In Return of the King, Theoden converses with the Wild Man Ghan-Bhuri-Ghan. Though Ghan-Burhi-Ghan reveals a bit about his people, the Wild Men, little else is told of how long the men of the wood have been in existence. I've read the Silmarillion once, but cannot remember if anything is mentioned of the Wild Woodmen.


Does anyone know anything about them in relation to their existence and/or relations to the Southrons or Easterlings?


----------



## Greenwood (Apr 9, 2002)

Unfinished Tales has an essay on them (they are also called the Druedain). I am afraid I can't give you anything else at the moment because I don't have my copy of UT with me where I am right now. Perhaps tonight.


----------



## Elanor2 (Apr 11, 2002)

If I remember correctly, they are of the Edain, related to the People of Haleth, and kept their own language and lived in harmony with nature. They had strange powers of the mind and were very loyal to their friends. Hated orks and never had anything to do with Sauron or similar.

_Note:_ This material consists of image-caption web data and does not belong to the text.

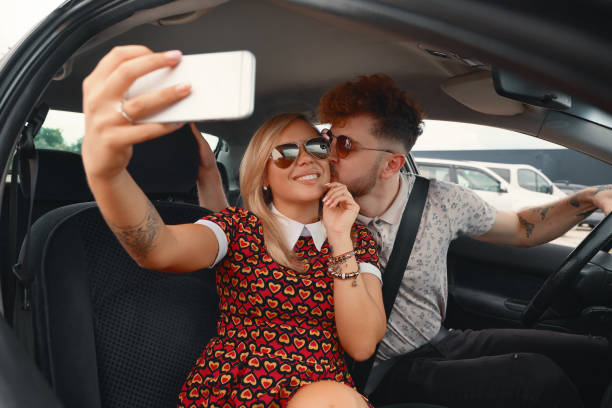 istock Happy Couple Taking Selfie In The Car 1007814738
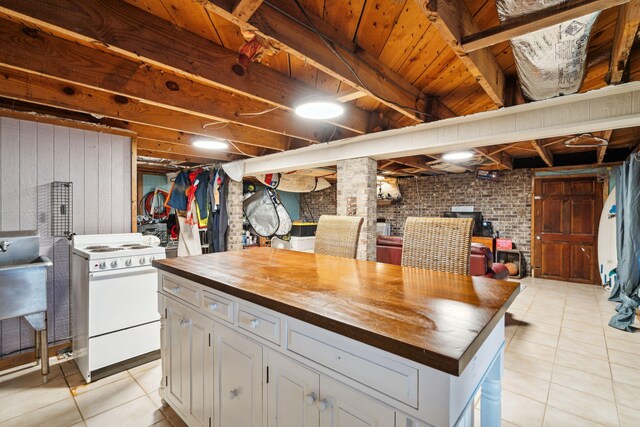 kitchen with white gas range oven, brick wall, a kitchen island, light tile patterned floors, and wood counters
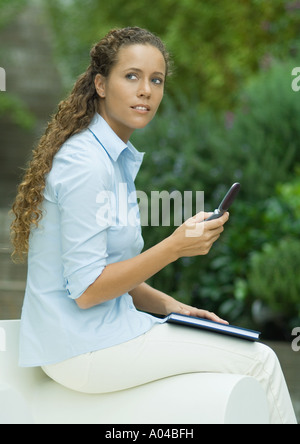 Junge Frau sitzt am Arm des Stuhls, hält Handy Stockfoto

They seem like funny wild men in LOTR, but in UT they seem almost to have druidical powers, or even like tibetan lamas. And they are great fighters.

I would have loved to see the passage of the Ridders through their forest from their point of view.


----------



## JeffF. (Apr 11, 2002)

*Not related to Easterlings or Haradrim*

Unfinished Tales is the best source of information on them. By the WAr of the Ring they lived in the Druadan forest and in the Druwaith Iaur (land at the western end of the White Mountains). Aparently more lived in the latter area than the Druadan Forest because they rallied against the Dunlendings who fled from the Rohirrim after the battles of the Ford and Helm's Deep.

Earlier in their history they lived South of Mordor and migrated west in stages due to the advance of the Southrons and Easterlings. They once roamed a far greater area of the West but the intrusions of the ancestors of the Dunlendings and the coming of the Dunedain (Numenoreans) gradually pushed them into the marginal areas. They were a short lived people. They were grouped with the people of Haleth and considered s members of the three houses of the Edain but were a separate people. They were wood crafty beyond all other men and had certain mystical powers. They were few in number. Pick up or borrow Unfinished Tales for their story in detail.


----------



## Old Man Willow (Apr 14, 2002)

Great guys, thanks.


----------